A Sittingbourne man has been diagnosed with a rare form of cancer following a routine eye test at Specsavers Sittingbourne in The Forum. Christopher Cameron was told he had an ocular melanoma in his left eye after an eye test in September last year led to an urgent referral to Maidstone Hospital.

They referred him to Moorfields Eye Hospital in London, after which he was sent to the Clatterbridge Cancer Unit in Liverpool for Proton Beam Therapy in December. The tumour was 3.9mm (within the treatable range) and has since reduced to 1.6mm, so Christopher still has to have regular checks at both Maidstone and Moorfields. Christopher, who has additional needs, was accompanied to his eye test by his parents.

Urgent referral

His dad, Alex, said: ‘Christopher was in with the optometrist for rather a long time, so we were getting a bit concerned. Then he came out and spoke to us, and said they had found something that needed further investigation.

‘Before we even got home we had a call from Maidstone Hospital asking us to come in the following day, which we did. After some further tests, the team there sat us down and told us that they had found an ocular melanoma in Christopher’s left eye.’

Rare eye cancer

Eye cancer is rare. Ocular melanoma is the most common type of cancer that starts in the eye.
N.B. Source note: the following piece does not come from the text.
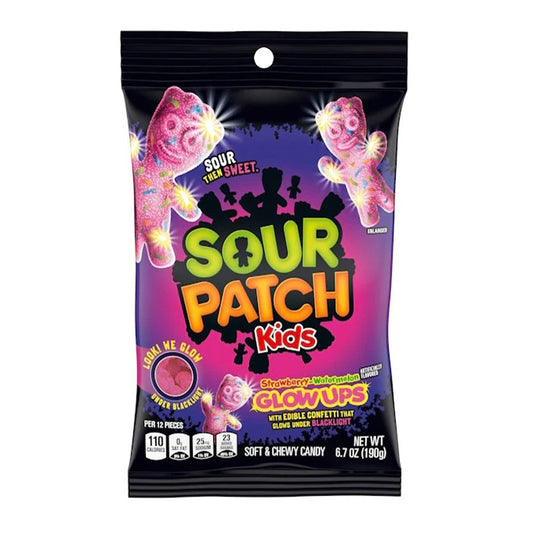 Sour Patch Kids Strawberry Watermelon Glow Ups 190g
It can cause blurred vision, flashing lights or shadows and dark patches on the white of the eye, but does not always cause any symptoms – which is why the first sign of a problem can be found at a routine eye test.

Grateful patient

Christopher said: ‘I was devastated when I was told I had a tumour. I was scared – you never think it is going to happen to you. I did not notice any signs or symptoms prior to the test, even though I found out that I had actually lost 80% of the vision in my left eye – as my right eye had made up for it.

‘I am really grateful to the optometrist and whole team at Specsavers Sittingbourne for everything they have done for me. If it had not have been picked up when it was, it could have been a lot worse. My advice to others would be to not put off their test.’

Regular eye tests

Jia Chiang Cheong, ophthalmic director in Sittingbourne and Sheerness, said: ‘Christopher’s story shows how important it is to have a regular eye test, even if you are not experiencing any symptoms. ‘Finding a tumour as a result of an eye test is really rare, but – as his story shows – not impossible. We identify a number of different conditions, some of which are not even eye-related, so an eye test should be a central part of keeping an eye on your general health.

‘Unless you have been told to have one more often, you should have an eye test every two years, so if it has been a while – or you are experiencing any symptoms – why not pop in and see us or book one online today.’